Telaga sarangan terletak di kaki Gunung Lawu, Kelurahan Sarangan, Kecamatan Plaosan, Kabupaten Magetan, Jawa Timur. Telaga Sarangan ukuranya kurang lebih sekitar 30 m. Tentunya telaga sarangan juga memiliki sejarah yang menarik.
Pada jaman dahulu kala, tinggallah sepasang suami istri yang bernama nyai pasir dan kyai pasir di belantara hutan lawu. Nyai pasir dan kyai pasir hidup dalam kesederhanaan, mereka membuat rumah dari hutan kayu yang beratapkan daun-daunan. Tetapi keluarga ini merasa aman dari segala bahaya yang mengganggu, walauupun hanya tinggal di pondok yang sangat sederhana. Mereka berdua sudah lama tinggal dihutan sebab itu nyai pasir dan kyai pasir pasti sudah tau situasi disekitar hutan lawu.

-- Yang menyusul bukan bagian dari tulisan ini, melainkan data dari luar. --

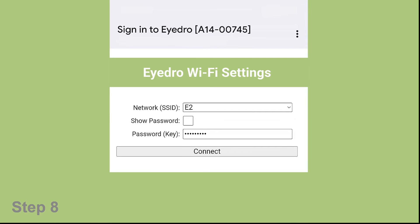Once you have chosen the WiFi source you want the EYEDRO meter to connect to from the pull-down menu, enter that network password.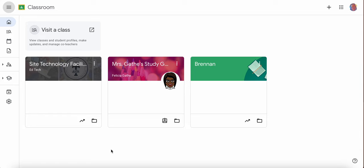But there are some awesome features in here. So let's go inside the platform. First, how do you access it? Go to your Google Classroom, classroom.google.com, and you'll see it here on your landing page.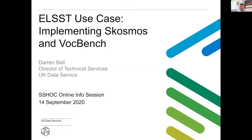I'm Darren Bell, Director of Technical Services since the beginning of this year at the UK Data Service, and we're based in Colchester at the University of Essex in the UK.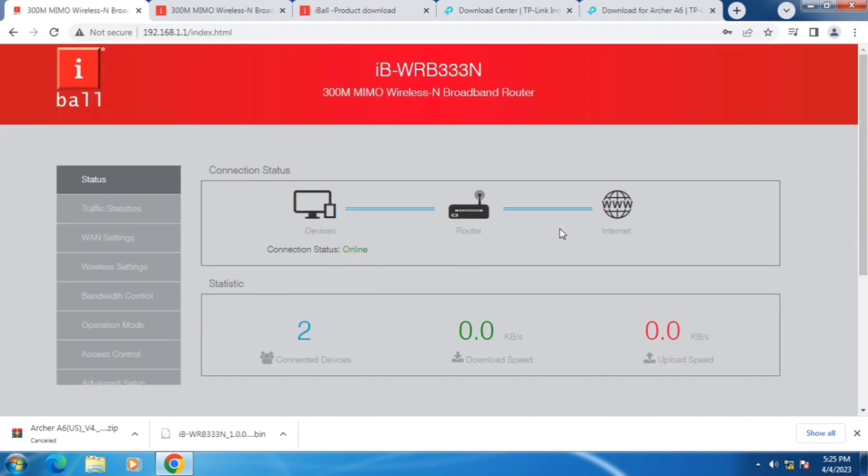The firmware has been upgraded. Hope you like the video. Thanks a lot for watching the video.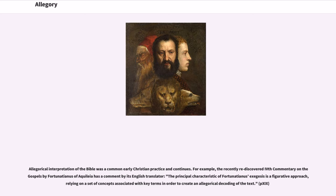Allegorical interpretation of the Bible was a common early Christian practice and continues. For example, the recently rediscovered fourth commentary on the Gospels by Fortunatianus of Aquileia has a comment by its English translator: 'The principal characteristic of Fortunatianus' exegesis is a figurative approach, relying on a set of concepts associated with key terms in order to create an allegorical decoding of the text.'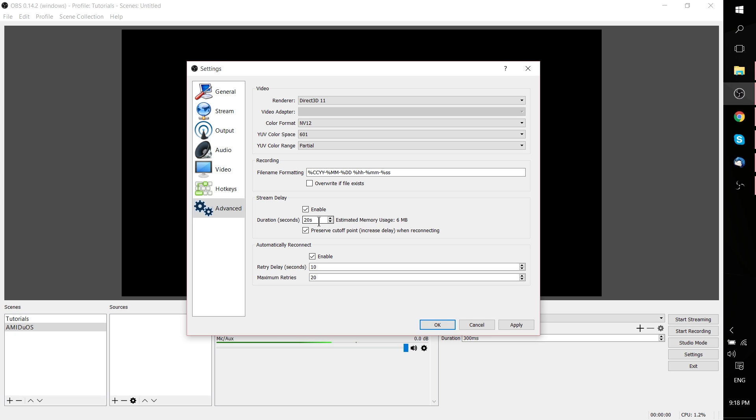So basically, if you have a stream delay of 20 seconds, that means the moment your footage goes live onto the internet and is being sent to the servers, it's going to be 20 seconds past that time that the viewers actually see it. This can be really useful if you're trying to prevent things like stream sniping, but you probably already knew that.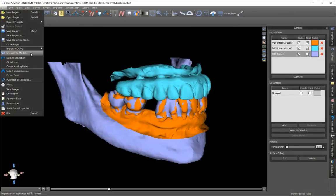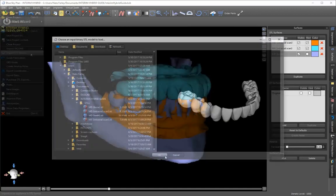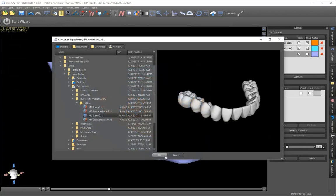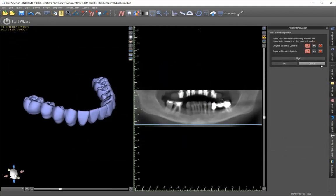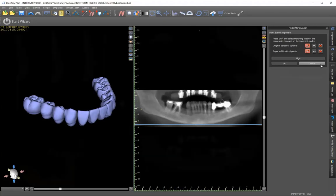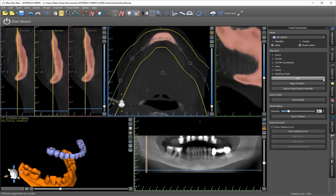And then when you go back over into Blue Sky, we can say we want to import STL models. Choose those teeth from the folder. And when you bring them in, it always again defaults to this screen right here. You just want to hit cancel.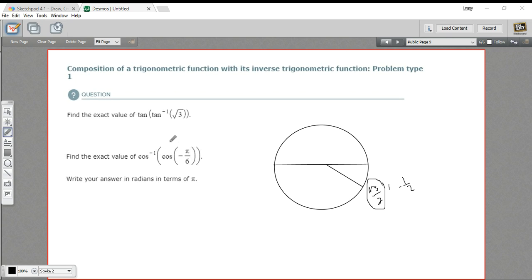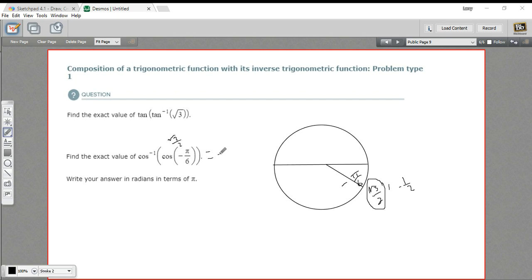So let's write that in. Now, what is the inverse cosine of √3/2? Well, you find that on the unit circle, and you take the radian value, which is negative π/6. So our answer here is negative π/6.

Pada suatu hari kyai pasir pergi kehutan dengan tujuan menanam tumbuhan untuk memenuhi kebutuhan hidup mereka berdua. Sesampainya dihutan kyai pasir langsung menebang sebagian pohon untuk dijadikan ladang. Setelah menebang beberapa pohon, kyai pasir pun ingin melanjutkan memotong pohon selanjutnya. Namun dibawah pohon yang akan dipotong, kyai pasir menemukan sebutir telur. Ia sangat terkejut padahal disekitar pohon itu tidak nampak binatang unggas. Diamati-amatinya telur itu ( dengan perasaan paenasaran). Tanpa pikir panjang telur itu dibawa pulang oleh kyai pasir. Sesampainya dirumah, kyai pasir menceritakan kejadian dia menemukan telur itu kepada nyai pasir. Tak berselang lama, nyai pasir pun membawa telur itu kedapur dengan maksud ingin merebusnya. Setelah matang dibelahnya telur itu menjadi 2, yang setengah dimakan oleh kyai pasir dan yang setengah dimakan oleh nyai pasir. Setelah itu kyai pasir berniat kembali kehutan dengan tujuan meneruskan pekerjaanya tadi. Namun sesampainya diladang kyai pasir merasakan hal yang aneh, badanya tiba-tiba menjadi panas, kaku dan sakit sekali. Lalu
Kyai pasir lari kesana kemari, akhirnya kyai pasir rebah ketanah dan berubah menjadi naga. Kejadian yang sama juga dialami oleh nyai pasir. Nyai pasir merasa badanya panas, kaku, dan terasa sakit sekali, nyai pasir pun bermaksud pergi ke ladang untuk meminta bantuan kyai pasir. Sesampainya diladang nyai pasir kaget sekali, karena melihat naga yang sangat besar. Karena nyai pasir tidak kuat menahan sakit yang meyerang tubuhnya, akhirnya nyai pasir rebah di tanah dan menjadi naga.Kedua naga itu berguling-guling kesana kemari dan akhirnya membentuk cekungan, yang akhirnya menjadi telaga sarangan atau telaga pasir. Â
Nilai moral :
Pada cerita ini dikisahkan bahwa nyai pasir dan kyai paasir adalah sepasang kekasih suami istri yag hidup di hutan lawu. pada cerita ini nyai pasir dan kyai pasir membuat rumah dari pohon-pohon hutan lawu dan atap rumahnya tebuat dari daun-daunan. walupun nyai pasir dan kyai pasir hidup dalam kesederhanaan, tetapi mereka selalu hidup dalam kebahagiaan. pesan moralnya adalah : kita harus selalu bersyukur walaupun bagaimanapun keadaan kita.
Nilai Budaya :Â
Pada cerita ini diceritakan bahwa kyai pasir pergi keladang untuk menanam tumbuhan yang digunakan untuk memenuhi kebutuhan kyai pasir dan nyai pasir. Nilai budayanya adalah kita harus bekerja keras agar kita bisa memenuhi kebutuhan hidup kita.